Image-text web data
● ● ● ● ●
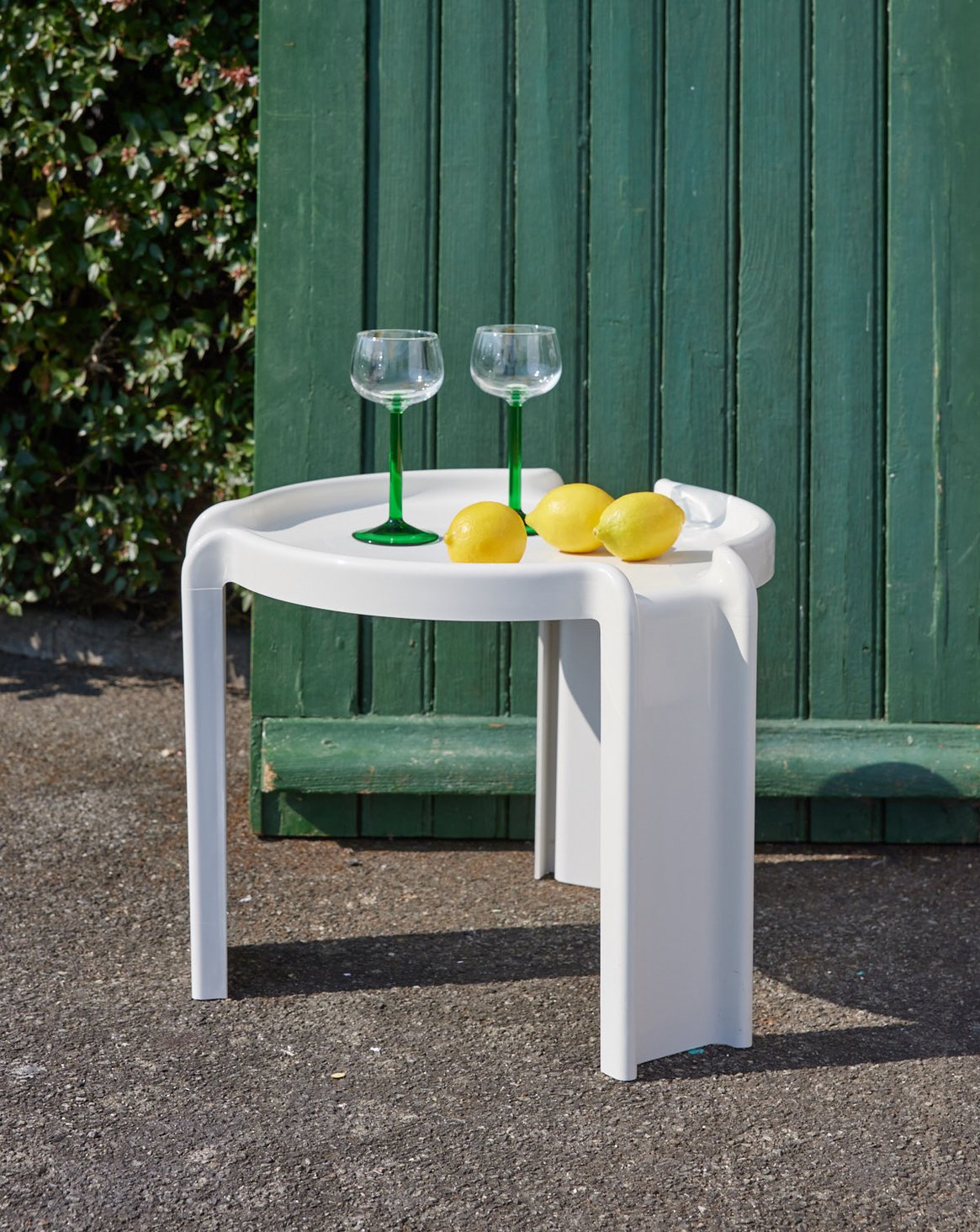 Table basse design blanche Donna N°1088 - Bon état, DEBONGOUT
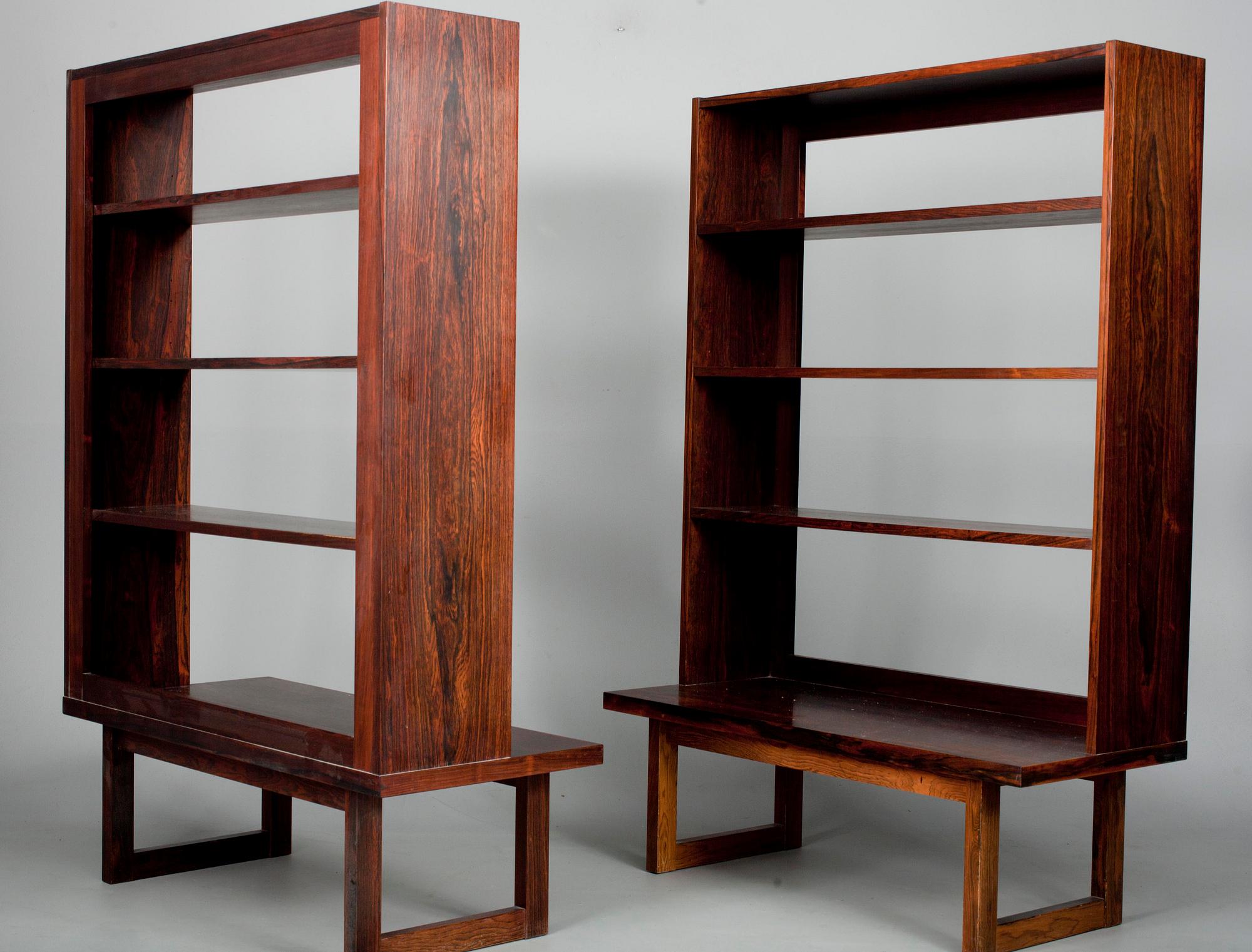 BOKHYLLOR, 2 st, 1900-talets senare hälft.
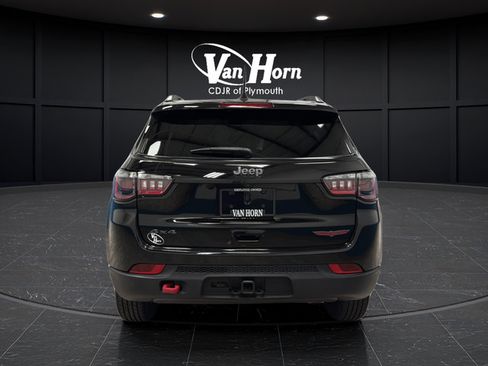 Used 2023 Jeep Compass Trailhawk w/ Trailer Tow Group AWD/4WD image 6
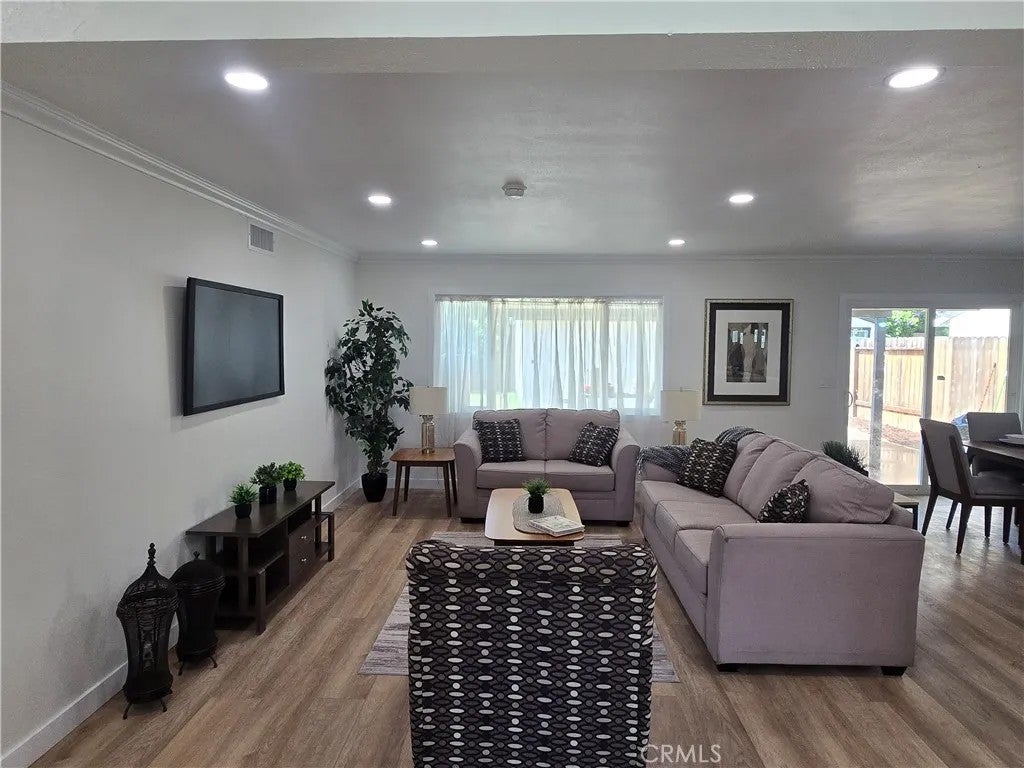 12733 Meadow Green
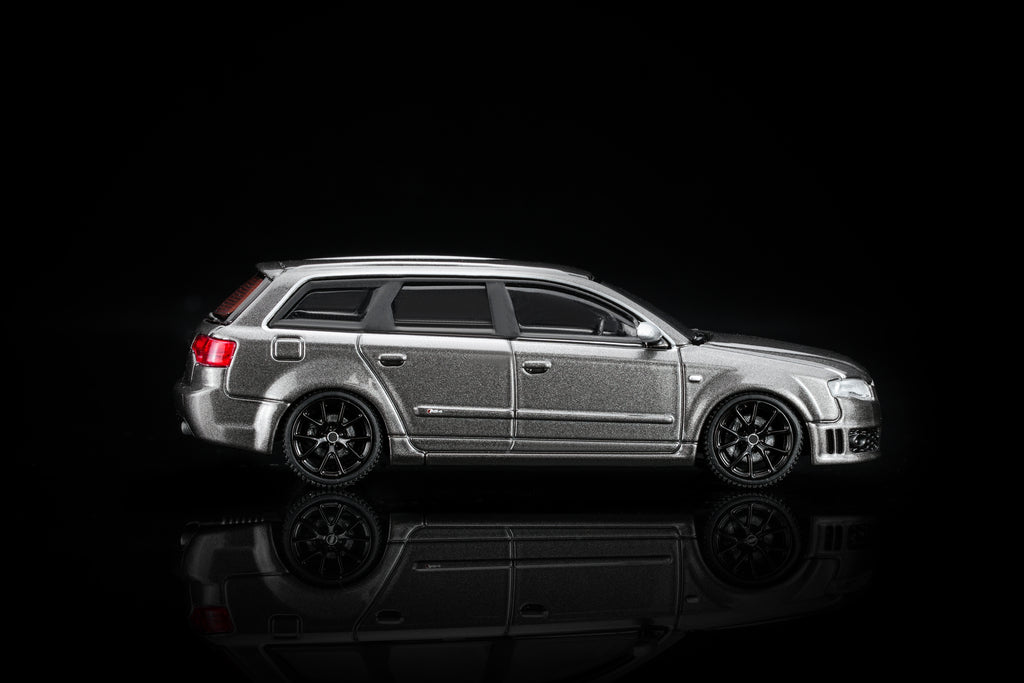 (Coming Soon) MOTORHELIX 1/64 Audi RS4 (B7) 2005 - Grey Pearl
● ● ● ● ●
● DIRECTIONS FOR THIS TASK: For this exercise, transcribe the data exactly but without its pictures.

● EXERCISE OUTPUT:
 Table basse design blanche Donna N°1088 - Bon état, DEBONGOUT
 BOKHYLLOR, 2 st, 1900-talets senare hälft.
 Used 2023 Jeep Compass Trailhawk w/ Trailer Tow Group AWD/4WD image 6
 12733 Meadow Green
 (Coming Soon) MOTORHELIX 1/64 Audi RS4 (B7) 2005 - Grey Pearl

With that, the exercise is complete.